Livre écrit par la journaliste Wendell Steavenson, qui a notamment travaillé pour le Time. Le titre est tiré du verset 47 de la sourate Al-Anbiya (Les prophètes) : "Au Jour de la Résurrection, Nous placerons les balances exactes. Nulle
âme ne sera lésée en rien, fût-ce du poids d’un grain de moutarde que
Nous ferons venir. Nous suffisons largement pour dresser les comptes."
La journaliste retrace le parcours d'un général de Saddam Hussein, Kamel Sachet Aziz al-Janabi, afin d'illustrer le régime totalitaire et la corruption morale provoquée par le dictateur irakien. Ayant parcouru l'Irak en 2003-2004, elle a ensuite interrogé de nombreux exilés irakiens dans les pays voisins, et à Londres, et a réussi à pénétrer l'histoire de certains membres importants du Baath. C'est par l'entremise d'un docteur haut placé dans le corps médical militaire, ayant servi dans quatre guerres irakiennes, qu'elle entre en contact avec la famille de Kamel Sachet, général des forces spéciales et commandant des forces irakiennes au Koweït pendant la guerre du Golfe. Accusé de trahison, il est exécuté sur ordre de Saddam Hussein en 1998. Né en 1947 dans une famille pauvre, Sachet a d'abord servi dans la police, puis rejoint l'armée en 1975. Il entre dans les forces spéciales, où il atteint le rang de major. Il se distingue pendant la guerre Iran-Irak mais subit aussi le courroux du dictateur, connaît la torture et la prison. Il conduit l'assaut sur le Koweït, mais après la retraite et l'écrasement par les Américains, il perd ses illusions et se retire comme un pieux musulman -il était de plus en plus attiré par la religion dès la décennie 1980- jusqu'à son exécution. Il a été gouverneur de la province de Maysan et a de fait dirigé une commune salafiste.

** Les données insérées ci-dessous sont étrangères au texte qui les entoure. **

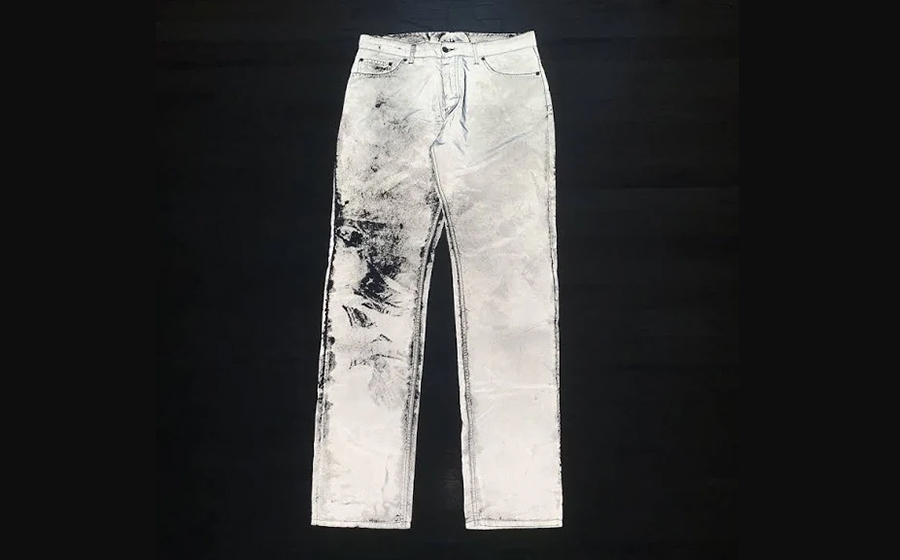 Reflective print jeans manufacturer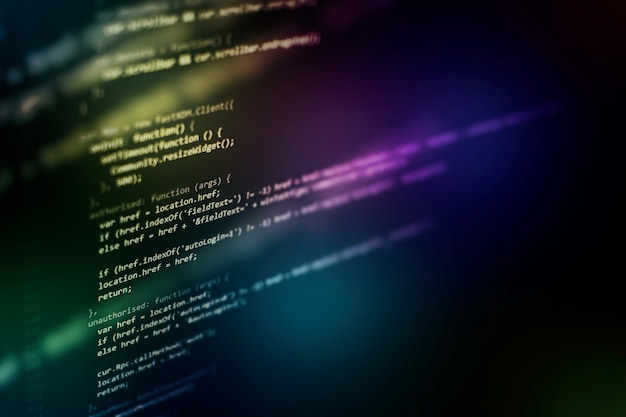 Kode til udviklerprogrammering. Abstrakt computerscriptkode. Programmeringskode på skærmen for softwareudviklere. Tid til softwareprogrammering.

Bien qu'elle ne l'ait jamais rencontré, la journaliste tisse le portrait d'un homme qui a obéi à l'une des dictatures les plus sanglantes de la région. Ce qui l'intéresse, c'est la question de l'obéissance aux ordres, comme un "homme ordinaire" peut se mettre au service d'une telle cause : elle cite Arendt, Levi et Milgram, on pense aussi bien sûr au travail de C. Browning.
Comme le souligne Kyle W. Orton, le parcours de Sachet est intéressant car il nous montre le revirement du régime de Saddam Hussein. Sachet est jeté en prison en 1983 et il y entame sa conversion au salafisme. L'importance de la guerre Iran-Irak et d'un pays en guerre pendant quasiment 25 ans d'affilée ne doivent pas être négligés. En 1992, quand il est nommé gouverneur de Maysan, Sachet bâtit ici une communauté salafiste, anticipant le lancement officiel de la "campagne de la Foi" par Saddam Hussein l'année suivante. Mais il se met à dos les baathistes proches de Saddam, qui le font démettre de son poste de gouverneur en 1994, ce qui ne l'empêche pas d'approfondir sa conviction religieuse. La police secrète surveille sa famille, sa maison est truffée de micros : finalement, selon une pratique courante de la dictature irakienne, véritable prison intérieure, sa fille de 14 ans est violée. Sachet est exécuté pendant les raids aériens de l'opération Desert Fox en décembre 1998, sans que l'on en connaissance encore aujourd'hui le motif précis. Mais Saddam n'a pas réagi contre le salafisme, mais contre une menace supposée à l'égard de son pouvoir. Une des mosquées que Sachet avait bâtie devient un pôle de l'insurrection djihadiste après 2003 et ses fils entrent dans des formations djihadistes.
Bien qu'écrit dans un style journalistique et non universitaire, et bâti sur des témoignages recueillis et pas forcément recoupés, l'ouvrage est donc utile à quiconque s'intéresse à l'histoire contemporaine de l'Irak, pour éclairer l'actualité.